SINGAPORE - Oil markets stabilised on Monday after slumping around 2 percent last Friday on concerns over an intensifying trade dispute between the United States and China, as well as increased U.S. drilling activity.
Markets on Monday were also eyeing the situation in Syria after reports - denied by the Pentagon - that U.S. forces had struck a major air base there.
U.S. WTI crude futures were at $62.34 a barrel at 0355 GMT, up 28 cents, or 0.45 percent, from their previous settlement.
Brent crude futures were at $67.43 per barrel, up 32 cents, or 0.5 percent.
Oil prices fell about 2 percent on Friday after U.S. President Donald Trump threatened new tariffs on China, reigniting fears of a trade war between the world's two largest economies that could hurt global growth.
With Chinese markets closed last Thursday and Friday, Shanghai crude futures played catch-up on Monday, dropping 0.6 percent to around 400 yuan ($63.43) per barrel.
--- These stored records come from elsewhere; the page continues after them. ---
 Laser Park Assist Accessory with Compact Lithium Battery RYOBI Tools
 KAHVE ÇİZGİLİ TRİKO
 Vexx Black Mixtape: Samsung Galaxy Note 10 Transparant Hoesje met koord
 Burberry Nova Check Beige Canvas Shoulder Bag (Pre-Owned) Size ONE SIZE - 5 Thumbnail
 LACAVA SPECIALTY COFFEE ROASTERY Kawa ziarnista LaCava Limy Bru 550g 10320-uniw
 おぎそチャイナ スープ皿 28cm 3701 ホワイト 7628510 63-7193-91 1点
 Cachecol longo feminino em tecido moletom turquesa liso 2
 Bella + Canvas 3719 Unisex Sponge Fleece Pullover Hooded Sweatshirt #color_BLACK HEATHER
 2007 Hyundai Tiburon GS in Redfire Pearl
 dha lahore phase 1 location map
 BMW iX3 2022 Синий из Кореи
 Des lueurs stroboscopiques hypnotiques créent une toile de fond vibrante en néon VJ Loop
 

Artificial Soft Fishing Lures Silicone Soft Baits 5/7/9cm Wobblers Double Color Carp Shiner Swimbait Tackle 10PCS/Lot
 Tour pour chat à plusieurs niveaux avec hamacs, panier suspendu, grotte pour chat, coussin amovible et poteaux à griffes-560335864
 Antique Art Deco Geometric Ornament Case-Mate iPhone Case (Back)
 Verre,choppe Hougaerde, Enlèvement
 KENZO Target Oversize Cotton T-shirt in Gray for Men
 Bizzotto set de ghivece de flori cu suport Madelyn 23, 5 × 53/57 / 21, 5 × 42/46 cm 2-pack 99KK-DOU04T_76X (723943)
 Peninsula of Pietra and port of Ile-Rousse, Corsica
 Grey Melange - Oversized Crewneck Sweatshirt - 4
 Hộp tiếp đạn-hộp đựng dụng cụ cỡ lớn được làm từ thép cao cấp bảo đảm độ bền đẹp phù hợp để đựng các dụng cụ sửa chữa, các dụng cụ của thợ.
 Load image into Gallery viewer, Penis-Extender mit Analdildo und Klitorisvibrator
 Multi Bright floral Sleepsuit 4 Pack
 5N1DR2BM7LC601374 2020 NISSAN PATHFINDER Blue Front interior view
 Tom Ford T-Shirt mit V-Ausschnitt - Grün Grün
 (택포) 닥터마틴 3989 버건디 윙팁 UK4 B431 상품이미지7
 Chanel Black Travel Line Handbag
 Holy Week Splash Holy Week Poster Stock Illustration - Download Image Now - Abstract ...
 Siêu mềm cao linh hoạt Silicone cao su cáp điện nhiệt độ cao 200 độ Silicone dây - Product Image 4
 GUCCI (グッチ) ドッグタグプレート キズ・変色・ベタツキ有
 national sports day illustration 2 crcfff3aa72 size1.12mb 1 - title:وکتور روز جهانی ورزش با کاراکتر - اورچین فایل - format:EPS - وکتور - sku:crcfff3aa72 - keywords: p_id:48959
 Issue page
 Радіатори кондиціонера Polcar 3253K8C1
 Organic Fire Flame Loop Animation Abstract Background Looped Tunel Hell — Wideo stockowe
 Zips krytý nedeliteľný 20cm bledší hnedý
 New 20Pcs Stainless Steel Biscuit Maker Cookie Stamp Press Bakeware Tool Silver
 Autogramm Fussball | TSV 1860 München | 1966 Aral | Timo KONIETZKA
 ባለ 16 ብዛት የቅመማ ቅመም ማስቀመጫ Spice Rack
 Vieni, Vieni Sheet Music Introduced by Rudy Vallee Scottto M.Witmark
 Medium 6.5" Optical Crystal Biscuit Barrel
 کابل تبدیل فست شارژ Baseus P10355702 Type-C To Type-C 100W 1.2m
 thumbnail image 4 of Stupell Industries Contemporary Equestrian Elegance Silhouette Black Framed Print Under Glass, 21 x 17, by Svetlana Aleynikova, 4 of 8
"Oil prices have been susceptible to the brewing trade tensions between China and the U.S....However, fundamental support levels have been demonstrated with OPEC's suggestion on an production limit extension into 2019," said Singapore-based Phillip Futures.
Oil prices have generally been supported by healthy demand as well as by supply restraint led by the Organization of the Petroleum Exporting Countries (OPEC), which started in 2017 in order to rein in oversupply and prop up prices.
In physical oil markets, OPEC's number two producer Iraq said on Monday that it is keeping prices for its crude supplies in May steady.
In the United States, drillers added 11 rigs looking for new production in the week to April 6, bringing the total count to 808, the highest level since March 2015, General Electric's Baker Hughes energy services firm said on Friday.
As a result, U.S. exports have soared in recent months, "more than offsetting the Venezuelan supply disruption" as a result of the economic crisis in the South American OPEC-member, Innes said.